"Port your wheel—hard over," repeated the first officer to the quartermaster at the helm—who answered and obeyed. Nothing as yet could be seen from the bridge. The powerful steering-engine in the stern ground the rudder over; but before three degrees on the compass card were traversed by the lubber's-point, a seeming thickening of the darkness and fog ahead resolved itself into the square sails of a deep-laden ship, crossing the Titan's bow, not half her length away.
"H—l and d—" growled the first officer. "Steady on your course, quartermaster," he shouted. "Stand from under on deck." He turned a lever which closed compartments, pushed a button marked—"Captain's Room," and crouched down, awaiting the crash.
There was hardly a crash. A slight jar shook the forward end of the Titan and sliding down her fore-topmast-stay and rattling on deck came a shower of small spars, sails, blocks, and wire rope. Then, in the darkness to starboard and port, two darker shapes shot by—the two halves of the ship she had cut through; and from one of these shapes, where still burned a binnacle light, was heard, high above the confused murmur of shouts and shrieks, a sailorly voice:
"May the curse of God light on you and your cheese-knife, you brass-bound murderers."
The shapes were swallowed in the blackness astern; the cries were hushed by the clamor of the gale, and the steamship Titan swung back to her course. The first officer had not turned the lever of the engine-room telegraph.
The boatswain bounded up the steps of the bridge for instructions.

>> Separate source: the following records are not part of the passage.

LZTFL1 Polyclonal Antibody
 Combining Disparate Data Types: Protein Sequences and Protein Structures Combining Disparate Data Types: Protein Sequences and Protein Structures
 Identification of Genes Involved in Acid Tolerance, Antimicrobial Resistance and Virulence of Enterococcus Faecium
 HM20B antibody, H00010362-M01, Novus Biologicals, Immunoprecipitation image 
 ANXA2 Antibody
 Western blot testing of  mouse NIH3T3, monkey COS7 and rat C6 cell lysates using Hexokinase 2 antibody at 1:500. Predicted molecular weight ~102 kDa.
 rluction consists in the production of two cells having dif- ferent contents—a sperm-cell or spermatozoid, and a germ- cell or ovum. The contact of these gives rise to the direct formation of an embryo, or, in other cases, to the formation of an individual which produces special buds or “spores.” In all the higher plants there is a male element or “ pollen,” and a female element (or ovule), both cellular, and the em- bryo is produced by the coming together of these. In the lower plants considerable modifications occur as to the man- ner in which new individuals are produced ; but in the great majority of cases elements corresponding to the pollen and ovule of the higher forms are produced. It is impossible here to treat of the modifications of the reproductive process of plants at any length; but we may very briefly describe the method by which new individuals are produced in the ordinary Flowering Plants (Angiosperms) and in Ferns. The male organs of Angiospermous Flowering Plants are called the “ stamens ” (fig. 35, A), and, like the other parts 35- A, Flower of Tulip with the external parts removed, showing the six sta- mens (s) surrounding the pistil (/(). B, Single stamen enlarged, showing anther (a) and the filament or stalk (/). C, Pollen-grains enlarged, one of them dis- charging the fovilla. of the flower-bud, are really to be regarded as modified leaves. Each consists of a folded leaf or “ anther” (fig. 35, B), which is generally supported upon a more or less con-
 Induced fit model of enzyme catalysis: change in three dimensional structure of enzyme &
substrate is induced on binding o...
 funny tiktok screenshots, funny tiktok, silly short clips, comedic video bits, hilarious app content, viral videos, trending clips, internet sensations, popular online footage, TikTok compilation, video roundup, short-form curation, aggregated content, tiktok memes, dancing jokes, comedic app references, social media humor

"Put men at the hatches and doors. Send every one who comes on deck to the chart-room. Tell the watchman to notice what the passengers have learned, and clear away that wreck forward as soon as possible." The voice of the officer was hoarse and strained as he gave these directions, and the "aye, aye, sir" of the boatswain was uttered in a gasp.
CHAPTER IV
The crow's-nest "lookout," sixty feet above the deck, had seen every detail of the horror, from the moment when the upper sails of the doomed ship had appeared to him above the fog to the time when the last tangle of wreckage was cut away by his watchmates below. When relieved at four bells, he descended with as little strength in his limbs as was compatible with safety in the rigging. At the rail, the boatswain met him.
"Report your relief, Rowland," he said, "and go into the chart-room!"